I know this is a preview feature, but I can't seem to interleave compute and transfers on my Radeon 7970s. I'm using SDK 2.6 and the 8.921 linux 64 drivers on Ubuntu.
I do the following:
1) Create two command queues
2) Create 6 buffers
3) set to queue 0
4) enqueue transfer transfer execute
5) set to queue 1
6) enqueue transfer transfer execute
7) keep doing 3-6 a few times
😎 reduce outputs from queues 1 and 2
9) transfer reduced output back to host
10) flush both queues
I'm allocating the buffers as CL_READ_WRITE (nothing else) and calling clEnqueueWriteBuffer() with CL_FALSE for blocking to do the transfers.

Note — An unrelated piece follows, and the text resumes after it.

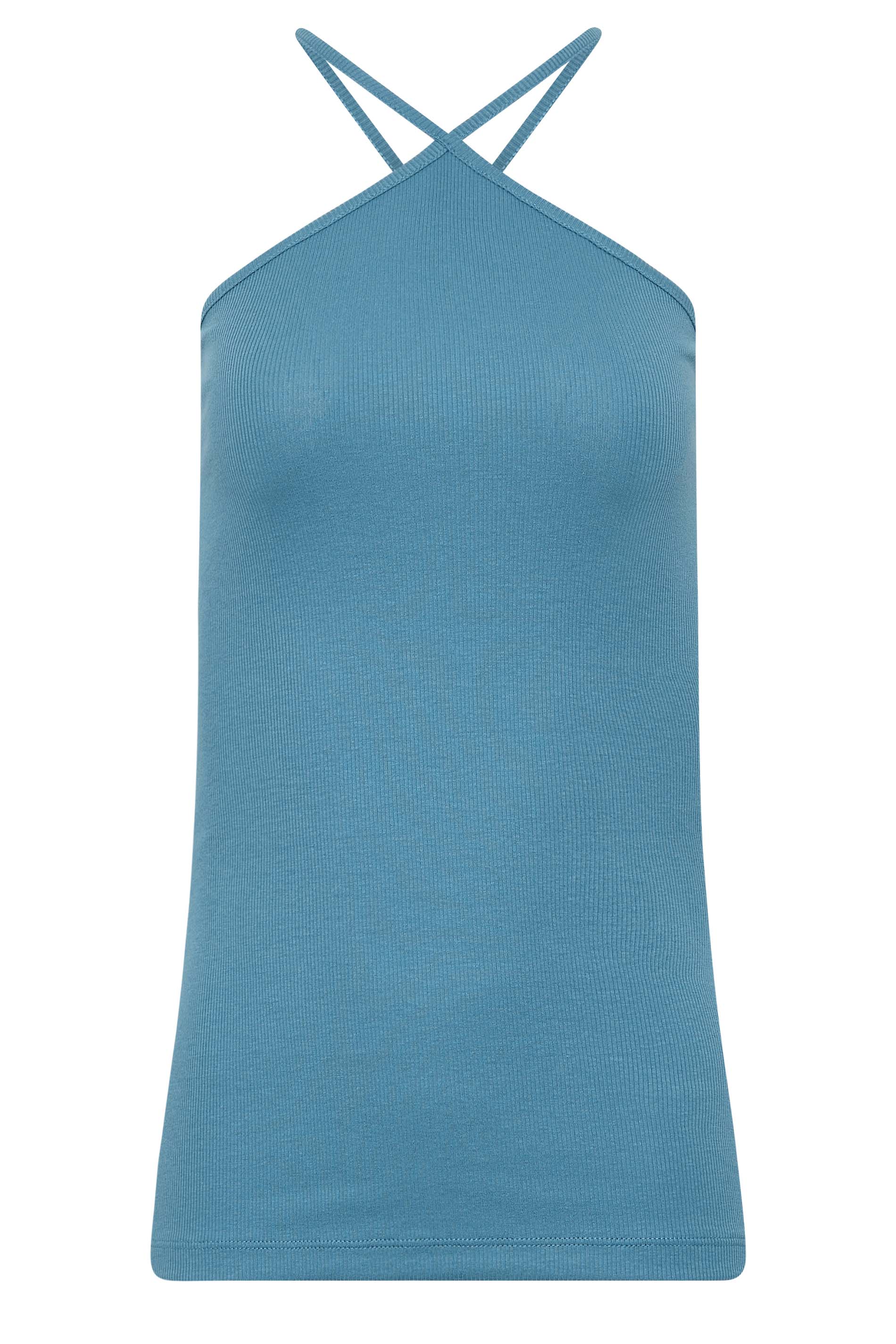 LTS Tall Women's Denim Blue Halter Neck Vest Top | Long Tall Sally 6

I daisy chain events for safety reasons (long story short, the library does this), but because each queue only touches 3 of the 6 buffers, there's no dependencies between them (other than the reduction).

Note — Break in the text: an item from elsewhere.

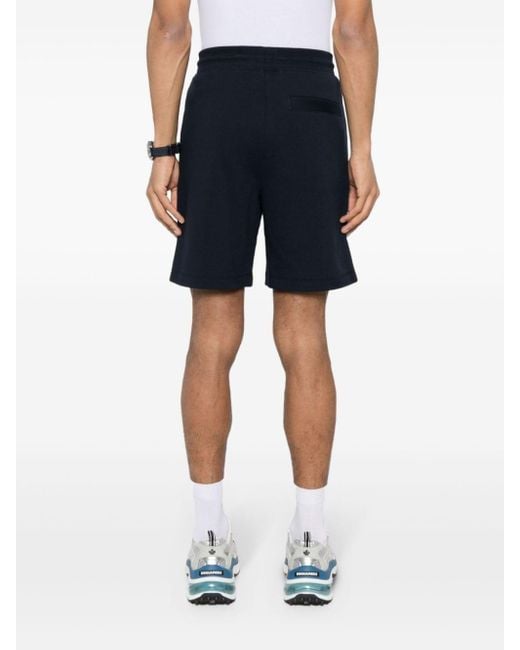 HUGO Blue Appliqué-logo Straight-leg Track Shorts for men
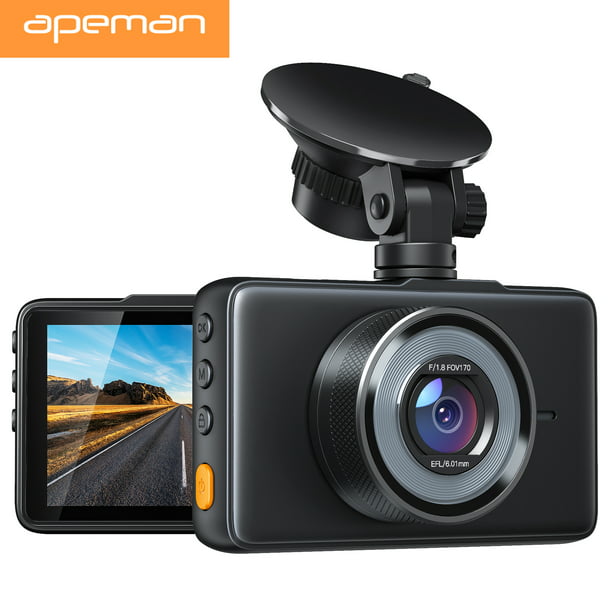 discreción pirámide Contrapartida APEMAN C450 Dash Cam 1080P FHD 3" Car Camera 170° Wide Angle Screen,  Parking Monitor, Black - Walmart.com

When I plot the profiling data on a timeline, it's immediately clear the driver isn't overlapping computation and execution; queue 1 does some transfers and executions then stalls while queue 2 does some then back and forth.

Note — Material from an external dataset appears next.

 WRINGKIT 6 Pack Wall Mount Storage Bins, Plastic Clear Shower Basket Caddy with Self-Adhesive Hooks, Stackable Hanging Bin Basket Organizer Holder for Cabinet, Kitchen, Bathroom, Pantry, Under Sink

Is there anything I'm missing with this feature, like needing to use pinned memory and clEnqueueMap and such? I want this to work in a general purpose way and I really don't want to have to use clEnqueMap and pinned memory unless I really have to, as I'll need to break transfers into pieces, stream them through pinned memory, and watch events to know when to start the next memcpy. Furthermore, I assumed the runtime already did this anyways.